GOAL OF THE EXERCISE
At the line containing "Photo of The Blue Ridge", begin an exact copy of the lines below and continue through the final one, with no pictures.

STORED DATA
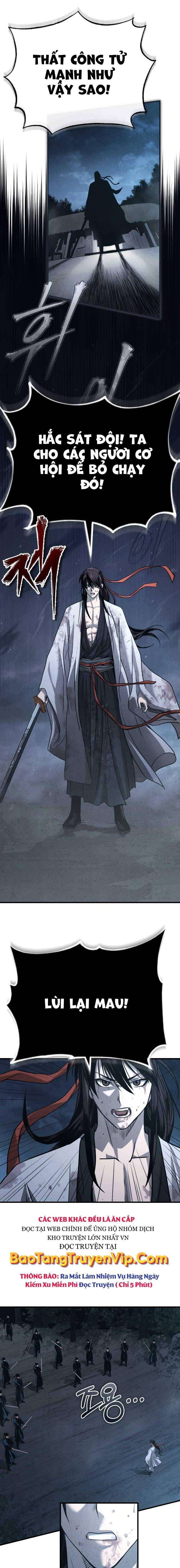 Quy Hoàn Lục Ma Đạo - Page 12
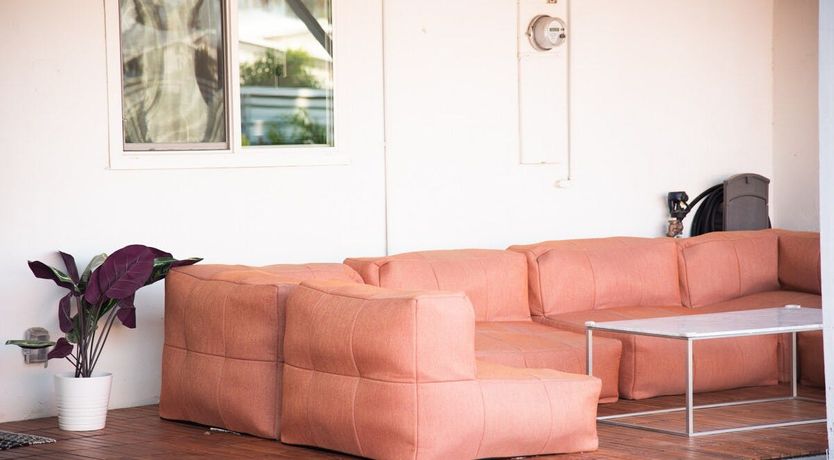 Photo of The Blue Ridge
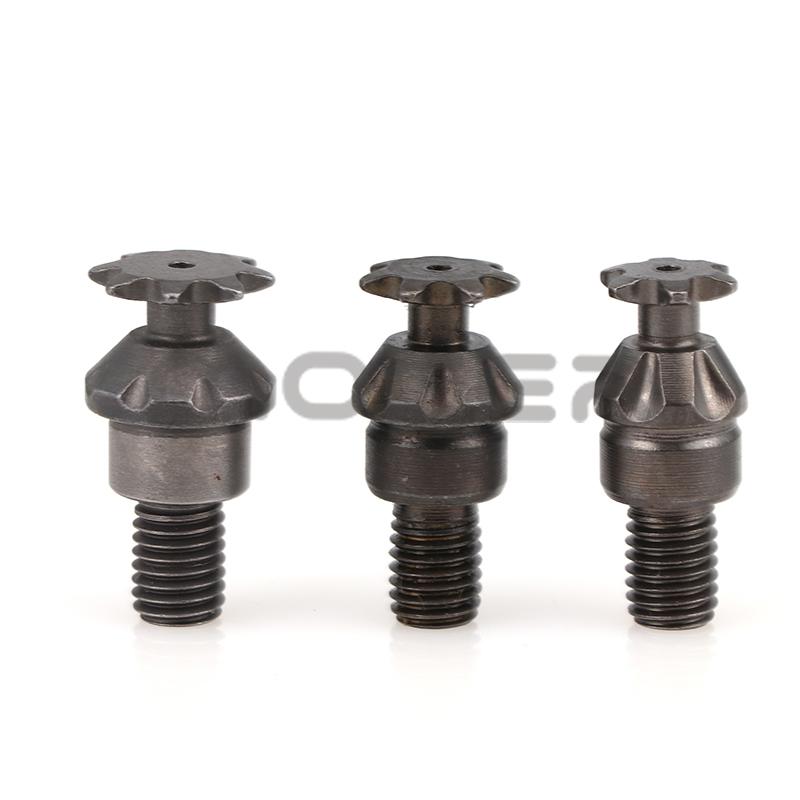 25H T8F 6/7/8 Tanden Koppeling - Sprocket Chain recensie en prijs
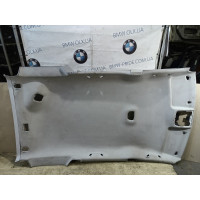 Обшивка потолка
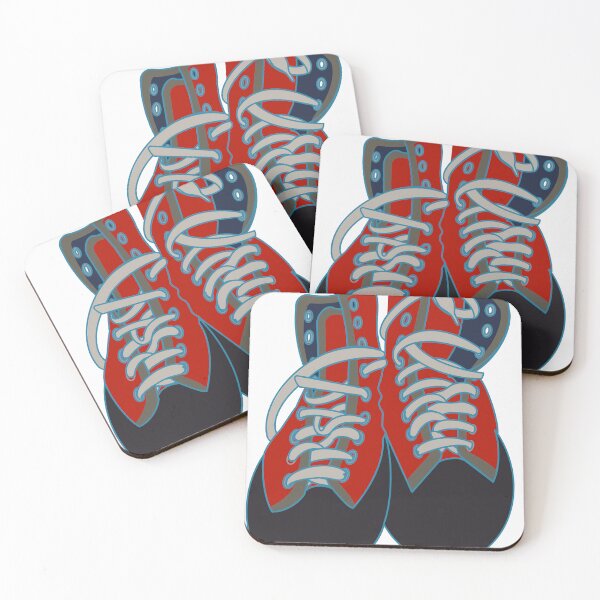 Item preview, Rock Climbing Shoes designed and sold by HydrickizKat.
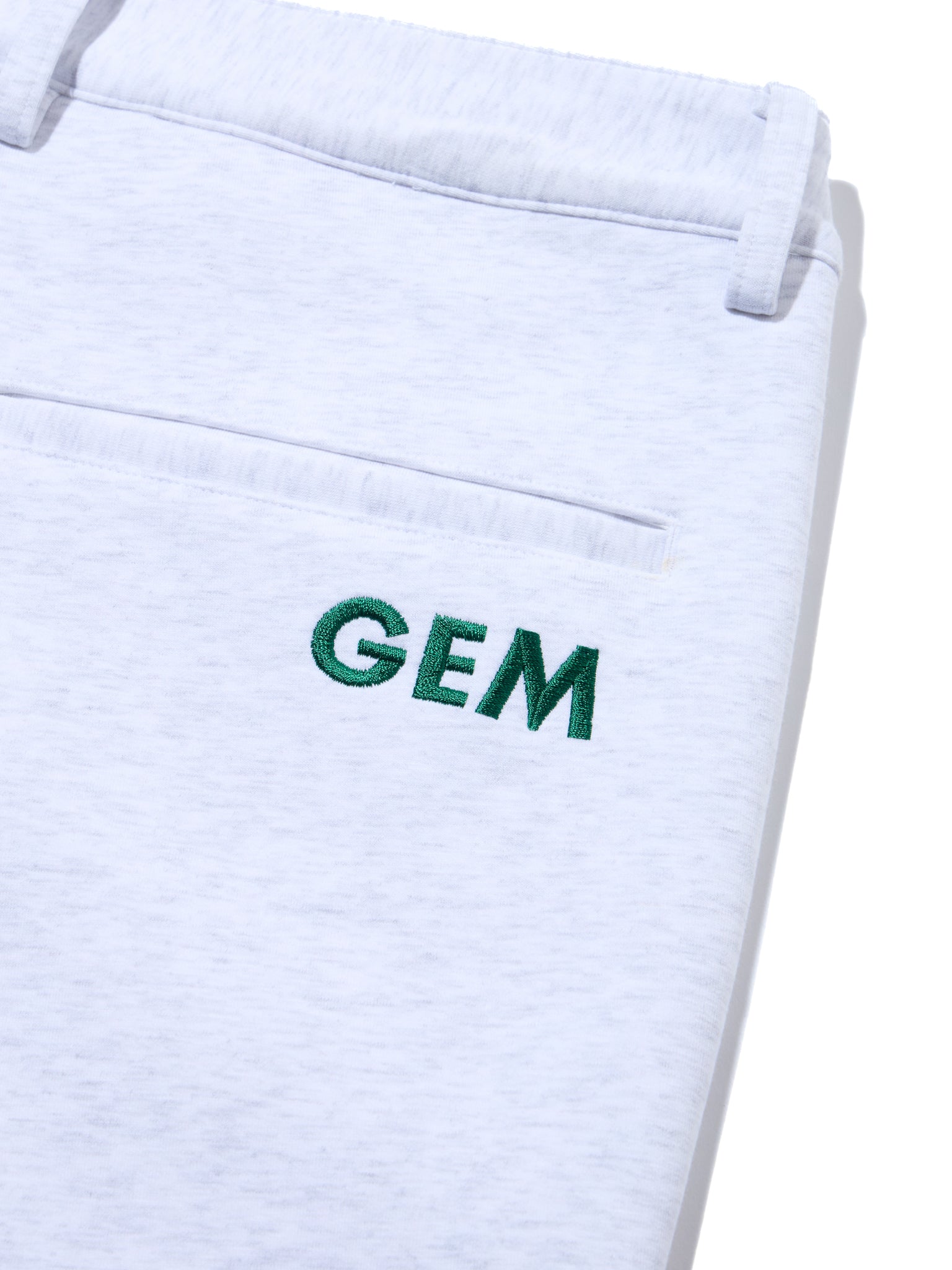 Cotton stretch jogger pants #5103-66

SOLUTION TO THE EXERCISE
 Photo of The Blue Ridge
 25H T8F 6/7/8 Tanden Koppeling - Sprocket Chain recensie en prijs
 Обшивка потолка
 Item preview, Rock Climbing Shoes designed and sold by HydrickizKat.
 Cotton stretch jogger pants #5103-66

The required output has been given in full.